Given data:
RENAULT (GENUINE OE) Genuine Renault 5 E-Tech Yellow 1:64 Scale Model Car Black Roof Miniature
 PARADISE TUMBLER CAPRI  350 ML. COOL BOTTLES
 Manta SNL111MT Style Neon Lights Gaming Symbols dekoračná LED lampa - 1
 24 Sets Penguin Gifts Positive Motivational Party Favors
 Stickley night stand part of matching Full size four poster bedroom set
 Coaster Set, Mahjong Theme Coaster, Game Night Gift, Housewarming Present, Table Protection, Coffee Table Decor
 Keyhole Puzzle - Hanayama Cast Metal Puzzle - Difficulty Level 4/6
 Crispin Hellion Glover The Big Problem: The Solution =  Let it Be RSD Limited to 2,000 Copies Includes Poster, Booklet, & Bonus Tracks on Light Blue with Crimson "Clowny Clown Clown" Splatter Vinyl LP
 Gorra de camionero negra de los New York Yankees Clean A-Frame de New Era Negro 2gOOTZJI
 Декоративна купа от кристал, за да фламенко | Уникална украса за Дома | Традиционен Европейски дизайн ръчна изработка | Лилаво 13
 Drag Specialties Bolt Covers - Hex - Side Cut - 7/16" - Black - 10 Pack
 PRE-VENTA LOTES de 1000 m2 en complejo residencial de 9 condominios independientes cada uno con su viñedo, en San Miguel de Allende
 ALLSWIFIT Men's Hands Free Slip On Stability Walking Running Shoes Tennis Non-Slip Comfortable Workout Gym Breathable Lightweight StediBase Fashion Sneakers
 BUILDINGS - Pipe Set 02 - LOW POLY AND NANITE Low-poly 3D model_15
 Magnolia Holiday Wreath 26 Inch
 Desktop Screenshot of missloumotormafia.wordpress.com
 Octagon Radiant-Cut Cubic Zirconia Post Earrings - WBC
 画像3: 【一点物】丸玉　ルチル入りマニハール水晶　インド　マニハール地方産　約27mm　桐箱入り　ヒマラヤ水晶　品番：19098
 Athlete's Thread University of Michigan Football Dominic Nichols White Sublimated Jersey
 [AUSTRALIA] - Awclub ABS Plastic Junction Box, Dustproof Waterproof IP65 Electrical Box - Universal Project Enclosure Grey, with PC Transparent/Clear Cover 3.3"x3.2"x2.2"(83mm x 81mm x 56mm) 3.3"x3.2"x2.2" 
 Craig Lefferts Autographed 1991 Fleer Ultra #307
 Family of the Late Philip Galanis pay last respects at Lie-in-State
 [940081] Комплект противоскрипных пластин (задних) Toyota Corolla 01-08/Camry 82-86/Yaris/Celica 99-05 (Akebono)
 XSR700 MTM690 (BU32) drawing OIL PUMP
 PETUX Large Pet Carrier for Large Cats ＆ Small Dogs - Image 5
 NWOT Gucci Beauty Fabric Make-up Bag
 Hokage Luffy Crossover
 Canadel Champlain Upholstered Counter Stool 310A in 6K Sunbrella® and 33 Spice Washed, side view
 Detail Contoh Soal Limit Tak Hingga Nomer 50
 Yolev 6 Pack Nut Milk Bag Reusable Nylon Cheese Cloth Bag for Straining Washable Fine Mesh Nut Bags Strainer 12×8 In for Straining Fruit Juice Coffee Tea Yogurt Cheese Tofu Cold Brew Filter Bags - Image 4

Task description: Beginning with the line above that contains "PARADISE TUMBLER CAPRI", copy each line exactly up to and including the line that contains "Athlete's Thread University", and go no further.

Answer for the task:
 PARADISE TUMBLER CAPRI  350 ML. COOL BOTTLES
 Manta SNL111MT Style Neon Lights Gaming Symbols dekoračná LED lampa - 1
 24 Sets Penguin Gifts Positive Motivational Party Favors
 Stickley night stand part of matching Full size four poster bedroom set
 Coaster Set, Mahjong Theme Coaster, Game Night Gift, Housewarming Present, Table Protection, Coffee Table Decor
 Keyhole Puzzle - Hanayama Cast Metal Puzzle - Difficulty Level 4/6
 Crispin Hellion Glover The Big Problem: The Solution =  Let it Be RSD Limited to 2,000 Copies Includes Poster, Booklet, & Bonus Tracks on Light Blue with Crimson "Clowny Clown Clown" Splatter Vinyl LP
 Gorra de camionero negra de los New York Yankees Clean A-Frame de New Era Negro 2gOOTZJI
 Декоративна купа от кристал, за да фламенко | Уникална украса за Дома | Традиционен Европейски дизайн ръчна изработка | Лилаво 13
 Drag Specialties Bolt Covers - Hex - Side Cut - 7/16" - Black - 10 Pack
 PRE-VENTA LOTES de 1000 m2 en complejo residencial de 9 condominios independientes cada uno con su viñedo, en San Miguel de Allende
 ALLSWIFIT Men's Hands Free Slip On Stability Walking Running Shoes Tennis Non-Slip Comfortable Workout Gym Breathable Lightweight StediBase Fashion Sneakers
 BUILDINGS - Pipe Set 02 - LOW POLY AND NANITE Low-poly 3D model_15
 Magnolia Holiday Wreath 26 Inch
 Desktop Screenshot of missloumotormafia.wordpress.com
 Octagon Radiant-Cut Cubic Zirconia Post Earrings - WBC
 画像3: 【一点物】丸玉　ルチル入りマニハール水晶　インド　マニハール地方産　約27mm　桐箱入り　ヒマラヤ水晶　品番：19098
 Athlete's Thread University of Michigan Football Dominic Nichols White Sublimated Jersey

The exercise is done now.